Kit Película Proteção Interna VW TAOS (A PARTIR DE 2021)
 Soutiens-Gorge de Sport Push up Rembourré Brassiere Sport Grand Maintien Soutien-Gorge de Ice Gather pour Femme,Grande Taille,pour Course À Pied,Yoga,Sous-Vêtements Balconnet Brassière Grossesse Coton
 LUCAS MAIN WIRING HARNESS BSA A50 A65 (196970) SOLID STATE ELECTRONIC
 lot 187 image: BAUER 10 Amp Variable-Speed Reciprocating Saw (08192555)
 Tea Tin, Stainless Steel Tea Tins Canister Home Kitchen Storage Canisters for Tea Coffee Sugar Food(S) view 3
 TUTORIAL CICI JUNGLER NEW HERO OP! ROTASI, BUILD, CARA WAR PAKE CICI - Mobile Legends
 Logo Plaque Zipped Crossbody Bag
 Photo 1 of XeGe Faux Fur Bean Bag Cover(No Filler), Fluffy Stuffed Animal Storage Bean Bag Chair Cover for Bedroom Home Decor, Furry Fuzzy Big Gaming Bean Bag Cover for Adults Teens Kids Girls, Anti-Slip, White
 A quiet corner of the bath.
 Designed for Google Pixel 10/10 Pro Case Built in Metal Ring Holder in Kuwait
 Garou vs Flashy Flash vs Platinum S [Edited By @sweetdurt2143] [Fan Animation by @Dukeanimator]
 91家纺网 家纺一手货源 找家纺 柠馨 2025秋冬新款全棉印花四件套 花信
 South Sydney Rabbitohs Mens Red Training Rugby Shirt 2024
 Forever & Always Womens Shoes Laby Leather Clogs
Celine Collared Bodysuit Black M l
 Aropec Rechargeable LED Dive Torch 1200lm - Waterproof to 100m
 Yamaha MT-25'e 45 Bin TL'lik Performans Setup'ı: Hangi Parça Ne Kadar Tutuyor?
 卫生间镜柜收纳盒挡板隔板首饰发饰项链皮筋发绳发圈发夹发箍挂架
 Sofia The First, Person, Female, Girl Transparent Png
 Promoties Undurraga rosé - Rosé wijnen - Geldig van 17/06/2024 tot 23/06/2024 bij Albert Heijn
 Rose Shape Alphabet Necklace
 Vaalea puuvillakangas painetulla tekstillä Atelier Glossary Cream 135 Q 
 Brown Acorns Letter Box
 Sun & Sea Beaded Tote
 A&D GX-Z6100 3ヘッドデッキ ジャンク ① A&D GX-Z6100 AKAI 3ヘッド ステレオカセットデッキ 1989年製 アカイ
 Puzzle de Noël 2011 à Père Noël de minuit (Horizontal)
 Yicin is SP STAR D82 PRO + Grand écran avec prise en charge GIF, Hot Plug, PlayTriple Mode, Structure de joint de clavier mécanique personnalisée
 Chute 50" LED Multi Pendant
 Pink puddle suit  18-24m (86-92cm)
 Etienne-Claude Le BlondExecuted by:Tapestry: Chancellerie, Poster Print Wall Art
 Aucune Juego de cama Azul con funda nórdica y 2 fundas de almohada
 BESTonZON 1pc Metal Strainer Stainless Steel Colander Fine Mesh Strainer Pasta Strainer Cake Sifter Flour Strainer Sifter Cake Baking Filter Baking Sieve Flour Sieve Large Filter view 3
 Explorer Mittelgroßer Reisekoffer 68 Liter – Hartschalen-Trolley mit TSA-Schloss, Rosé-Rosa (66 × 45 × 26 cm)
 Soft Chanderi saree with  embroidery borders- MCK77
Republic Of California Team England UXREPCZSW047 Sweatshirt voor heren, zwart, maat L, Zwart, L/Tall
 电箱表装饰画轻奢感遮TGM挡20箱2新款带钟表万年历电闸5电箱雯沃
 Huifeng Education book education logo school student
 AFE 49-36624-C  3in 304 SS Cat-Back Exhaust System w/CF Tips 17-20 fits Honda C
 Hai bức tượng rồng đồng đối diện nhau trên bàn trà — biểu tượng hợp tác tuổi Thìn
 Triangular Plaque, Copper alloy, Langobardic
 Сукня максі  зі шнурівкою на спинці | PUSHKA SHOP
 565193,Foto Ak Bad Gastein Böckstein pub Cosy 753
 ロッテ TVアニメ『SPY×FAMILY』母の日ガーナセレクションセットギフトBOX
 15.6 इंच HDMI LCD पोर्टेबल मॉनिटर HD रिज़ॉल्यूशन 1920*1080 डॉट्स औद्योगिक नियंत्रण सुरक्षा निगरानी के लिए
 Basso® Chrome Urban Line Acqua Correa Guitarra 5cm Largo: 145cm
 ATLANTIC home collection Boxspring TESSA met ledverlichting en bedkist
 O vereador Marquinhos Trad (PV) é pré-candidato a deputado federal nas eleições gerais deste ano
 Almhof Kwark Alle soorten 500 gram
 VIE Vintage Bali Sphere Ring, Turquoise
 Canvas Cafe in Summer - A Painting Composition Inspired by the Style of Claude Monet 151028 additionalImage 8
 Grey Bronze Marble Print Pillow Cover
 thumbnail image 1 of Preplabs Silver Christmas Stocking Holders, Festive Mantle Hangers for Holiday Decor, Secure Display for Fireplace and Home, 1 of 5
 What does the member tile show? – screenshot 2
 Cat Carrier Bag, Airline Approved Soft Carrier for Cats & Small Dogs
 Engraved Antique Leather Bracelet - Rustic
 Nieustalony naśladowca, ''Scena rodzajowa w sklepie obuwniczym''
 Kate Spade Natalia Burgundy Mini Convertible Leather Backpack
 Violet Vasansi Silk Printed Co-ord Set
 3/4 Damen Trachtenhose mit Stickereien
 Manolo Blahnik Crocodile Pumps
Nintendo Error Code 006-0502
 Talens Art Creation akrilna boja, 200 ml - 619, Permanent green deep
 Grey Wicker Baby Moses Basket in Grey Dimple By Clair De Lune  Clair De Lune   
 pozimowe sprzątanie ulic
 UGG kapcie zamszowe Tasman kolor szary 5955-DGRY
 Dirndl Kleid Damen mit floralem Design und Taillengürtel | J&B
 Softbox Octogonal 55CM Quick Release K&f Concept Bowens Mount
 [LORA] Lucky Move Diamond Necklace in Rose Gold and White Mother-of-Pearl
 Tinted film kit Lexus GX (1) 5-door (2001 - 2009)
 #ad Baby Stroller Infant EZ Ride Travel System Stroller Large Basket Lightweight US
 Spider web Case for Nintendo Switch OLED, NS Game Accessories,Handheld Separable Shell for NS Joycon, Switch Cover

§

** PROBLEM TO SOLVE **
Among the entries above, the lines between the ones containing "91家纺网 家纺一手货源 找家纺 柠馨 2025秋冬新款全棉印花四件套 花信" and "Aropec Rechargeable LED", inclusive, are to be transcribed exactly. No other line is to be given.

** FINAL ANSWER **
 91家纺网 家纺一手货源 找家纺 柠馨 2025秋冬新款全棉印花四件套 花信
 South Sydney Rabbitohs Mens Red Training Rugby Shirt 2024
 Forever & Always Womens Shoes Laby Leather Clogs
Celine Collared Bodysuit Black M l
 Aropec Rechargeable LED Dive Torch 1200lm - Waterproof to 100m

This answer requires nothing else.